[DATASET EXCERPTS — start]

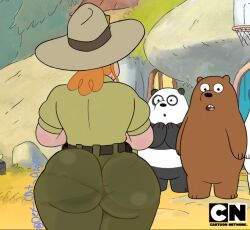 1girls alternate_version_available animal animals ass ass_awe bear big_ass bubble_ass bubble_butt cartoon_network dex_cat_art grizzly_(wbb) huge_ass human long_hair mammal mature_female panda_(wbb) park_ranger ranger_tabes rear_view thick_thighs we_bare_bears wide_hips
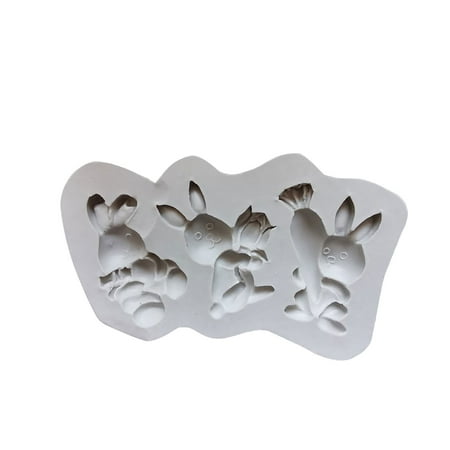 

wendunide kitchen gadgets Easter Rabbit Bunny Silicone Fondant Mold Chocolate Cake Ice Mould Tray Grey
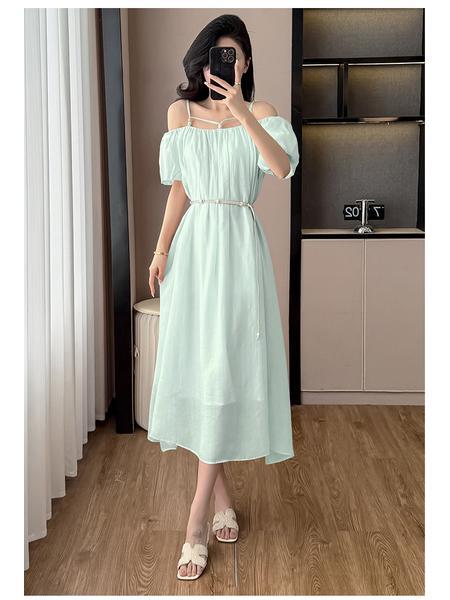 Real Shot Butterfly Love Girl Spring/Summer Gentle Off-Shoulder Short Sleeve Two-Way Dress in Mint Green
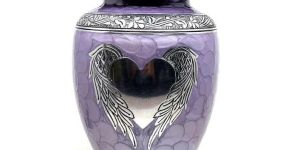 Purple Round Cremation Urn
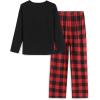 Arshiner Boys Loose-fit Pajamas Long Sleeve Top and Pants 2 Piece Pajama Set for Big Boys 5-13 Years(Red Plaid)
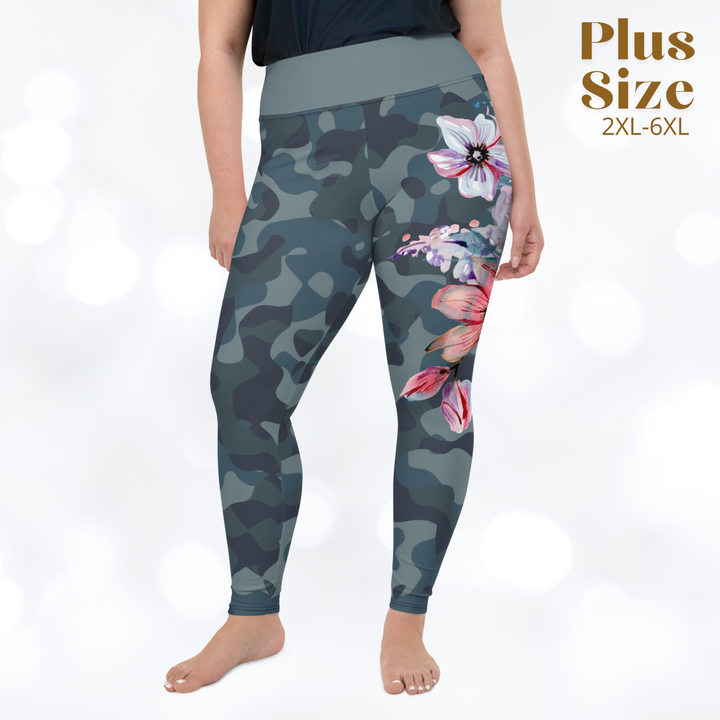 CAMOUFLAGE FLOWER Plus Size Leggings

[DATASET EXCERPTS — finish]

Only the lines from the one containing "Purple Round Cremation Urn" through the last line of the material are to be restated word for word; no picture is to be included.

_EXERCISE OUTPUT_
 Purple Round Cremation Urn
 Arshiner Boys Loose-fit Pajamas Long Sleeve Top and Pants 2 Piece Pajama Set for Big Boys 5-13 Years(Red Plaid)
 CAMOUFLAGE FLOWER Plus Size Leggings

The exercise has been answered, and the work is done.